Sim, precisamos sempre — nós, a quem o pecado envelhece não apenas o corpo como, sobretudo, a alma — precisamos de regressar ao início, ao fundamento: é a condição para nos deixarmos renovar constantemente pelo Evangelho, pela Boa Notícia. Regressamos ao sucedido há 2024 anos porque esse acontecimento histórico nos oferece a garantia, a capacidade de olhar o horizonte com renovada frescura: certos da sua primeira vinda na história, podemos esperar a Sua vinda final. Corremos ao Presépio, e percebemo-lo entre nós. Sim, Ele está entre nós porque nasceu em Belém de Judá! Sim, Ele está entre nós, porque morreu em Jerusalém e porque, antes, tinha partido o Pão para os discípulos! Sim, Ele está entre nós!
Jamais se tinha escutado que um deus se tivesse feito homem. Mas se, há 2024 anos, Deus se fez Homem em Jesus de Nazaré, tal como anunciaram os Anjos e adoraram os pastores e os magos, então, podemos percebê-lo no meio de nós, a nascer nos nossos corações, na nossa família, na nossa comunidade!
E porque não havemos de O esperar como Palavra definitiva da história do universo? Sabemos que virá, na sua glória, para colocar um ponto final no tempo, iluminar definitivamente as trevas — aquelas do ódio, da guerra, do pecado — e para oferecer a todos o seu amor salvador.

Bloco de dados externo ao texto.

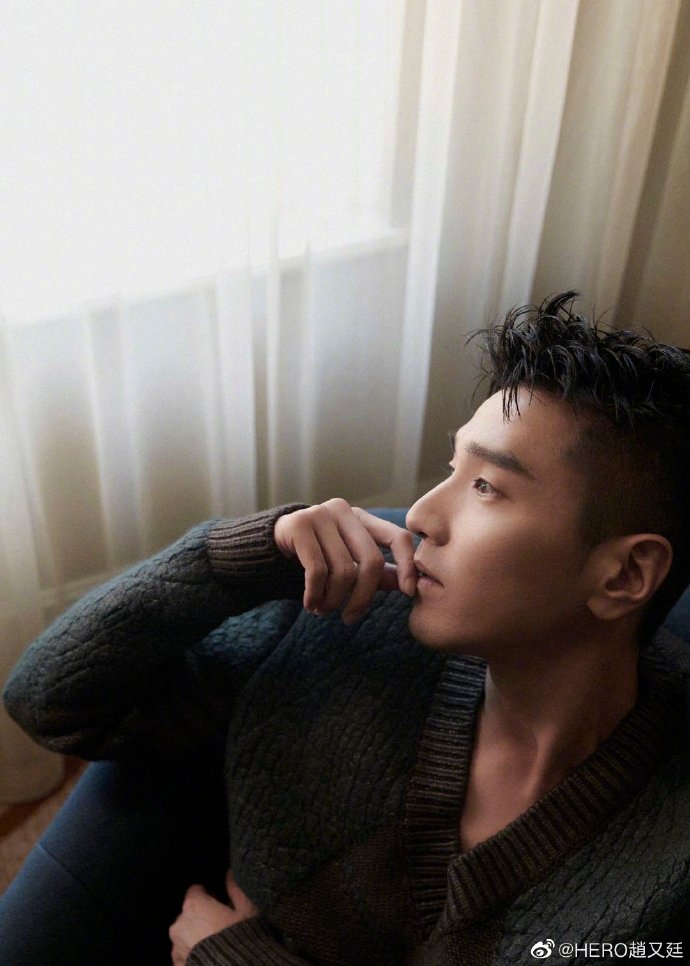 组图:赵又廷v领针织衣尽显型男魅力 低头沉思露剑眉星目氛围感足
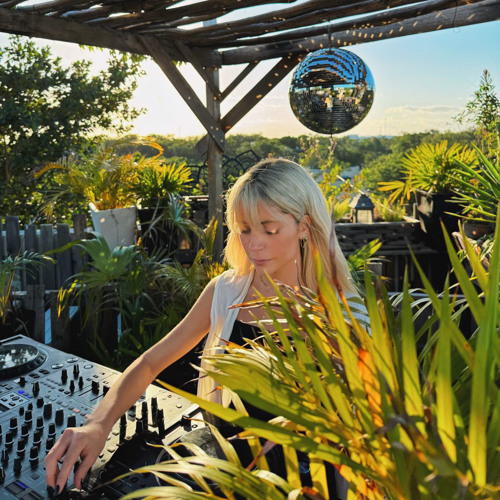 Julia Cruz Melodic Techno Sunset Mix 2024 By @Ephimeratulum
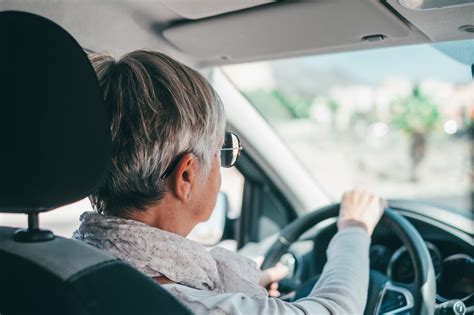 Vodička seniorka pri šoférovaní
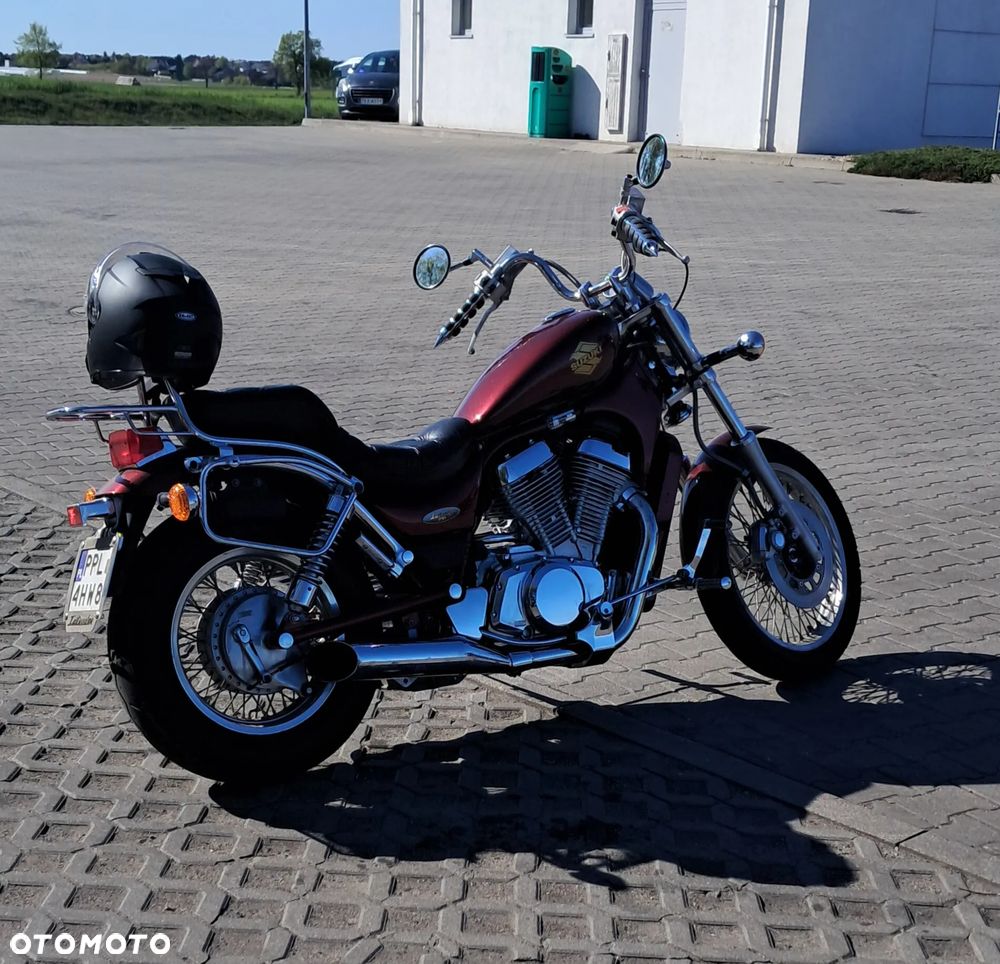 Suzuki Intruder - 3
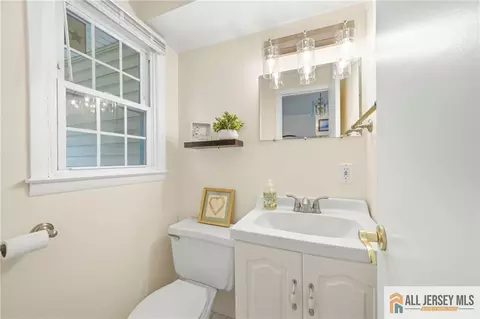Bath - 56 Ferris Rd, Edison, NJ 08817 photo 1 of 3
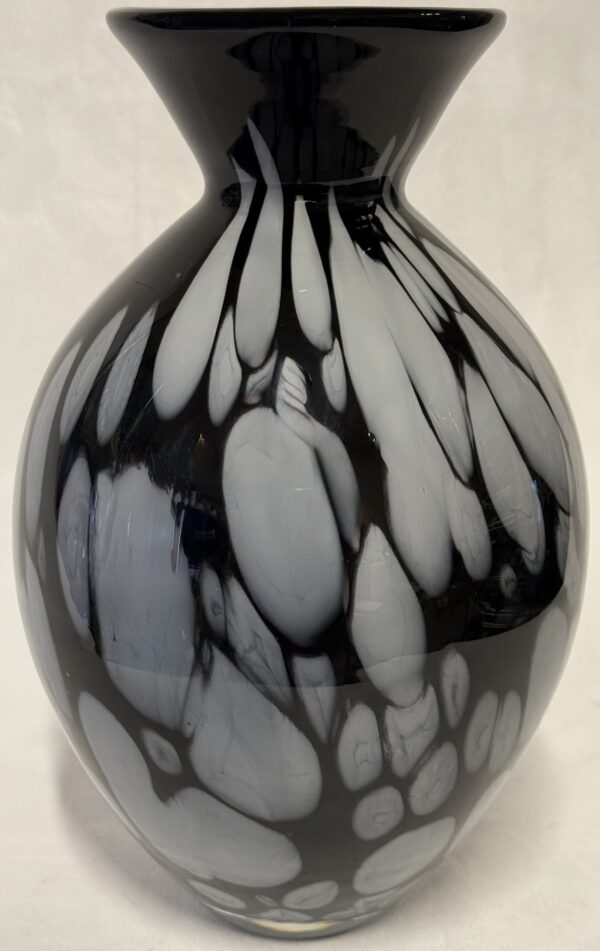 Towle Art Glass Vase Black&White Beauty - Pick Up Only - Image 3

Nesta noite, uma vez mais, também nós nos erguemos e caminhamos para o Presépio: vale a pena ir ao encontro do Menino e reconhecê-Lo. Nesta solenidade, 2024 anos depois, deixemo-nos inebriar pelos cânticos e pela luz divina que, ainda hoje, brotam do Presépio onde nasceu Jesus, e que aos nossos sentidos dão a certeza de que o Salvador nasceu para nós!